Architectural design of nitrogenous polymer-based carbons represents a facile and efficient strategy to improve performance because of their morphological diversity, tailorability, and N-containing structure. In this research, 0D and 1D forms of polypyrrole-derived porous carbons (A-PCS and A-PCT, respectively) are first integrated into nitrogen-doped hierarchically porous A-PCS/PCT hybrids by applying an easy multistep method. This integration, along with chemical activation, prevents serious agglomeration of carbon particles or tubes and creates a connected porous network structure, leading to improved textural properties (high surface area of 1684 m2  g-1 , high pore volume of 1.57 cm3  g-1 , and hierarchical porosity). Thus, A-PCS/PCT hybrids in a three-electrode setup reach high specific capacitances of 224 and 206 F g-1 at 1 and 20 A g-1 , respectively, with high rate capability (92 % capacitance retention).
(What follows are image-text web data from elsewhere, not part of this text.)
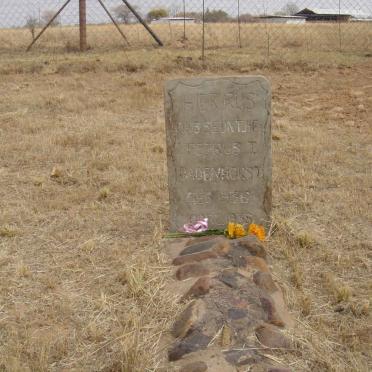 BADENHORST Petrus Johannes 1936-1938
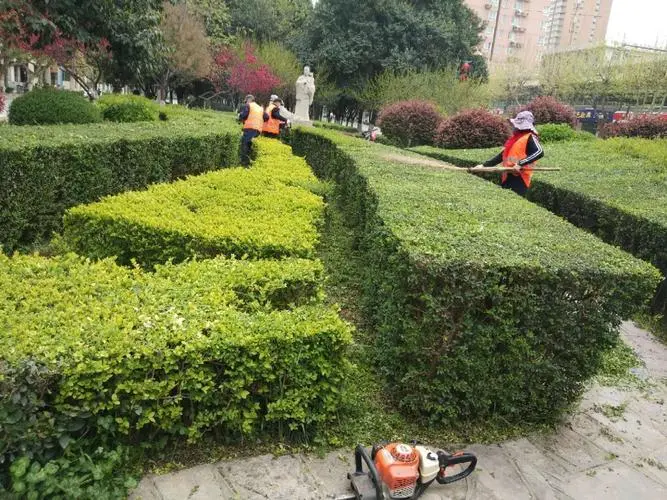 东园林绿化工程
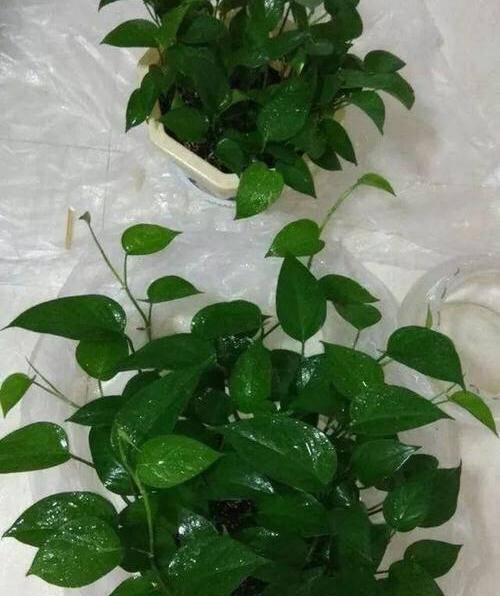 绿萝叶子开裂怎么办?绿萝叶子开裂的原因和处理方法是什么?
A symmetrical supercapacitor with A-PCS/PCT electrodes presents the highest power and energy densities of 12.6 kW kg-1 and 8.58 Wh kg-1 , respectively, and exceptional cycling life and stability with 92.4 % retention for up to 20 000 cycles. This study on conductive polymer-based hybrid materials may guide the design of architectures with new structures for applications in energy storage and conversion technologies.